Please copy the entries below word for word, leaving out any image.

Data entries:
=======

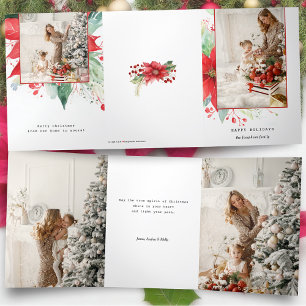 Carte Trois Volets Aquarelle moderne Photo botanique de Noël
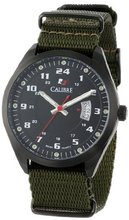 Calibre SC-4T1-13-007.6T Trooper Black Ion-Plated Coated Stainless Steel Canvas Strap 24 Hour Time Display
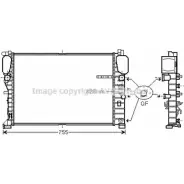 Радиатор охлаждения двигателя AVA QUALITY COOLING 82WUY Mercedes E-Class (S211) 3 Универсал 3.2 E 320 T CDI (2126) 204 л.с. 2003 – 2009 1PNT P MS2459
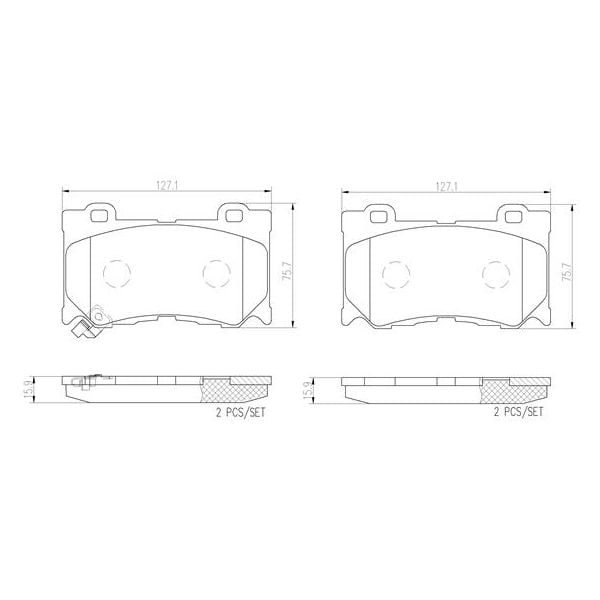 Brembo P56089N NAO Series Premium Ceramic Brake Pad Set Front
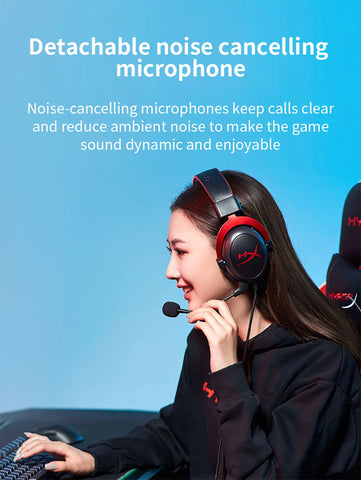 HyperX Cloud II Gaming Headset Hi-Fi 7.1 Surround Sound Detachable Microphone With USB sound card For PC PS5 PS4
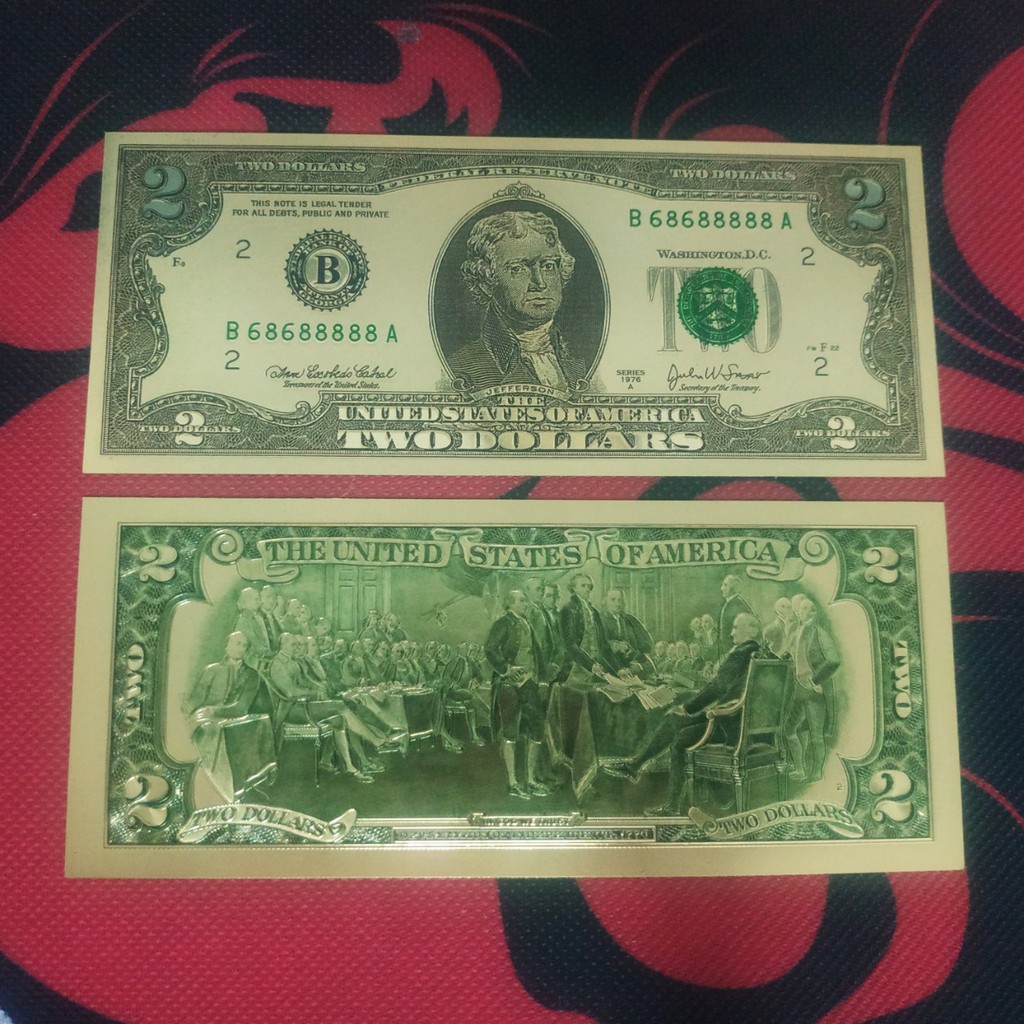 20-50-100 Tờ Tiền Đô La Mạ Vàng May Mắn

=======

ANSWER SPACE.
 Carte Trois Volets Aquarelle moderne Photo botanique de Noël
 Calibre SC-4T1-13-007.6T Trooper Black Ion-Plated Coated Stainless Steel Canvas Strap 24 Hour Time Display
 Радиатор охлаждения двигателя AVA QUALITY COOLING 82WUY Mercedes E-Class (S211) 3 Универсал 3.2 E 320 T CDI (2126) 204 л.с. 2003 – 2009 1PNT P MS2459
 Brembo P56089N NAO Series Premium Ceramic Brake Pad Set Front
 HyperX Cloud II Gaming Headset Hi-Fi 7.1 Surround Sound Detachable Microphone With USB sound card For PC PS5 PS4
 20-50-100 Tờ Tiền Đô La Mạ Vàng May Mắn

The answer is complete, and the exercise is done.